2代目隧道は戦前・戦中・戦後にわたって地域の発展を支え続けた.戦後は取り付け道路の拡幅も進み,バスが通うようになったことで徳島市への日帰り往復も可能となった.しかしながら隧道自体の幅員が狭小であるため,平成12年 (2000) からバイパス工事が進められた.平成24年 (2012) にバイパスが開通,相名坂の直下には3代目の「相生トンネル」が造られ,以来こちらが現県道となっている 3.
今回はこのうち,2代目の「相生隧道」を訪ねた.
探訪
探訪日は2022年9月30日.既に記事にした平谷橋を含め色々めぐった後だったので,既に日没間際になっていた.
隧道西側,現道と旧道の間の広い空き地に駐車させてもらい,徒歩に切り替えた.写真右が旧道,左が現道.
旧道を進む.緩やかに登っている.この先右手のお宅の前に犬が繋がれており,近付くと盛んに吠え立てられた.よくあることなので無視して進む.
左下に現道の相生トンネルが見える.平成23年 (2011) 竣工,24年開通.量産品の意匠で特段の面白みは感じられない.
横着して望遠で見る現トンネル銘板.
先に進む.急に平坦になった道はまっすぐ山体に吸い込まれるように進む.隧道は目前だ.
ほどなく隧道.直前のお宅まで路面は綺麗だったが,坑口付近に来て一気にコケや落ち葉まみれになった.新トンネルが開通した今はほとんど車が通っていないのだろう.
西口
相生隧道,昭和14年 (1939) 竣工.
とりあえず封鎖されたりせず供用されているので安堵した.しかし状態の悪さが目立つ.
アーチ環.せっかくの装飾なのに,表面の石がほとんど剥がれて歯抜けのようになっている.隧道自体の健全性には影響しないかもしれないが,ちょっとみすぼらしい.
扁額.右から「相生隧道」.
左端には署名.わかりにくいが「昭和十四年三月 徳島縣知事 清水良策書」とある (と思う).竣工時の徳島県知事・清水良策の揮毫である.
内部
内部を望む.覆工は場所打ちコンクリート.点々と並ぶ光は反射板.加えて照明も取り付けられているが消灯していた.

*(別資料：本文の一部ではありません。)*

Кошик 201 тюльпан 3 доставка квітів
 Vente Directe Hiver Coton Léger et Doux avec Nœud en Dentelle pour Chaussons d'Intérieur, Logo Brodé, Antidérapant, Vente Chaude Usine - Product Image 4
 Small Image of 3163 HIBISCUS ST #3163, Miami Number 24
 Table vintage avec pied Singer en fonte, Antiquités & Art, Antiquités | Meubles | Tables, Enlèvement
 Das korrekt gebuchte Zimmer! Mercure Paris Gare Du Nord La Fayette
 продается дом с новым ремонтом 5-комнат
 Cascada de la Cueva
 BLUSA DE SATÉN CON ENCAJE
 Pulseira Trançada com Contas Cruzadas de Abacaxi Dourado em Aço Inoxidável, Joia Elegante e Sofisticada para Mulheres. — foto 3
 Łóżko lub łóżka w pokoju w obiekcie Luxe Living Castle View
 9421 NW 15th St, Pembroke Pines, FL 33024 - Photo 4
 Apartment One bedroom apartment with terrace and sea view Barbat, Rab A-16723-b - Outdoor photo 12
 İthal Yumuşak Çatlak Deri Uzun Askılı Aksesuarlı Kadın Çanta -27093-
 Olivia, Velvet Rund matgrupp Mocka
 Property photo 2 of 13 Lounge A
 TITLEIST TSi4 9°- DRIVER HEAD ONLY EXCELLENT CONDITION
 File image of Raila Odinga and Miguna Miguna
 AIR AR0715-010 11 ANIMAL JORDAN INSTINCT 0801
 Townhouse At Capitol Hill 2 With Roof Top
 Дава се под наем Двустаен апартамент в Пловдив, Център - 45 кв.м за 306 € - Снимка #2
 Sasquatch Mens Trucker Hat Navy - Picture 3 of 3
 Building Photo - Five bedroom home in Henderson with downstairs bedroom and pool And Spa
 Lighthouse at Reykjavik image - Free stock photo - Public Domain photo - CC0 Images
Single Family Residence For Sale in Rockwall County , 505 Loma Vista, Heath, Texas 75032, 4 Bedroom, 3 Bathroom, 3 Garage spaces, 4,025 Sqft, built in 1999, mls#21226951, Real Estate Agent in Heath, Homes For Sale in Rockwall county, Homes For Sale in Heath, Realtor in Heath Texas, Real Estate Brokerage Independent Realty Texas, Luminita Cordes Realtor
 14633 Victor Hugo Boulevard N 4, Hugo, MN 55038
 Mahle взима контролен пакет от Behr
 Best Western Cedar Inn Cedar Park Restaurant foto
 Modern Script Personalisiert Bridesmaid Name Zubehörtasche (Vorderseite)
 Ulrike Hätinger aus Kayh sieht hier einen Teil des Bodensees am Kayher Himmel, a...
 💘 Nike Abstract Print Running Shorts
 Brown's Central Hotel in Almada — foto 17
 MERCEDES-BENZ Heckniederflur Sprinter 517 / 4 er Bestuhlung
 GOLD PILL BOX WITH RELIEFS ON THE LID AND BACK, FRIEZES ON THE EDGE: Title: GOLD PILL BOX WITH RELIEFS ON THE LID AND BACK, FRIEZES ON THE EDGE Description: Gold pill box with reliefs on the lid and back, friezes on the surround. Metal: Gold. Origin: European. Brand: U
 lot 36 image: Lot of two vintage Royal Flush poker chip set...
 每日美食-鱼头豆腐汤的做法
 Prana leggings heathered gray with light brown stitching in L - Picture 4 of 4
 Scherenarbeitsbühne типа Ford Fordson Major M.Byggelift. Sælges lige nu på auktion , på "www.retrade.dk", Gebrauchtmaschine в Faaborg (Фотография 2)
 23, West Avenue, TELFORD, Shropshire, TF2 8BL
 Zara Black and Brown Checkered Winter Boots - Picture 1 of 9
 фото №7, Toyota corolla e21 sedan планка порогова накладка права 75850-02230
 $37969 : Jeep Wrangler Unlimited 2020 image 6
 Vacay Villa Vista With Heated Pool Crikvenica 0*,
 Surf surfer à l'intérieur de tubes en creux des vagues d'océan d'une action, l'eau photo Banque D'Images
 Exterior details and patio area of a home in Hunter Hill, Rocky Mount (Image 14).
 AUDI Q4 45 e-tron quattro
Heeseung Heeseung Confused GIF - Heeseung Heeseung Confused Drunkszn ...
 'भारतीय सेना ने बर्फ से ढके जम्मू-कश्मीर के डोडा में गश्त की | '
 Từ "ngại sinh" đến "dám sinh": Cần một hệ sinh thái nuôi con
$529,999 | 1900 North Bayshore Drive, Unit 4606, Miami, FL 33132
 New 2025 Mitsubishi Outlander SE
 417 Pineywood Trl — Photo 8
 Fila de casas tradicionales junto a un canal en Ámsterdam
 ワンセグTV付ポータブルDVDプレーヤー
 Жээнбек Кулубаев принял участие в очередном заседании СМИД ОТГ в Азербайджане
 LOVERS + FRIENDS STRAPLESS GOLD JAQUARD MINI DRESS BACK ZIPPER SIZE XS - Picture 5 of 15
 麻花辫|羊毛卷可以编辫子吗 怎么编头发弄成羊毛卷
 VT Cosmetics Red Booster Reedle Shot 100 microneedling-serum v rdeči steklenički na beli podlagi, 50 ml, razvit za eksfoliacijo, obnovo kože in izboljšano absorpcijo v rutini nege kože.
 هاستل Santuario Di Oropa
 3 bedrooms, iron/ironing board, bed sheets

ちなみにこれは後からこの写真を見て気付いたのだが,新トンネル坑口付近に「東日本大震災を踏まえ、電力不況解消に向け、節電を実施中です」という貼り紙がしてある.旧隧道の照明が落とされているのも節電のためだろうか.
西口付近には大きな亀裂.
他にも多数損傷のマーキング.決して良い状態とは言えなさそうだ.
洞内の景.側壁は垂直壁,天井は半円アーチで全て場所打ちコンクリートで巻き立てられている.
内部から西口を振返り.
そのまま進んで東口.
漏水が酷く,嫌な水たまりができていた.
一応両脇が低くなって排水溝の役割を果たしているのだが,排水が追いついていない.
壁面もかなりやつれている.
東口
水たまりを越えて東口から脱出.
相生隧道,東口.傷みは西口より進んでいるように見えるし,水たまりも目に付く.何より日陰になっているせいでかなり暗い.不気味な雰囲気は廃隧道に近い.通行止のバリケードがあっても違和感はなさそう (なくていいです).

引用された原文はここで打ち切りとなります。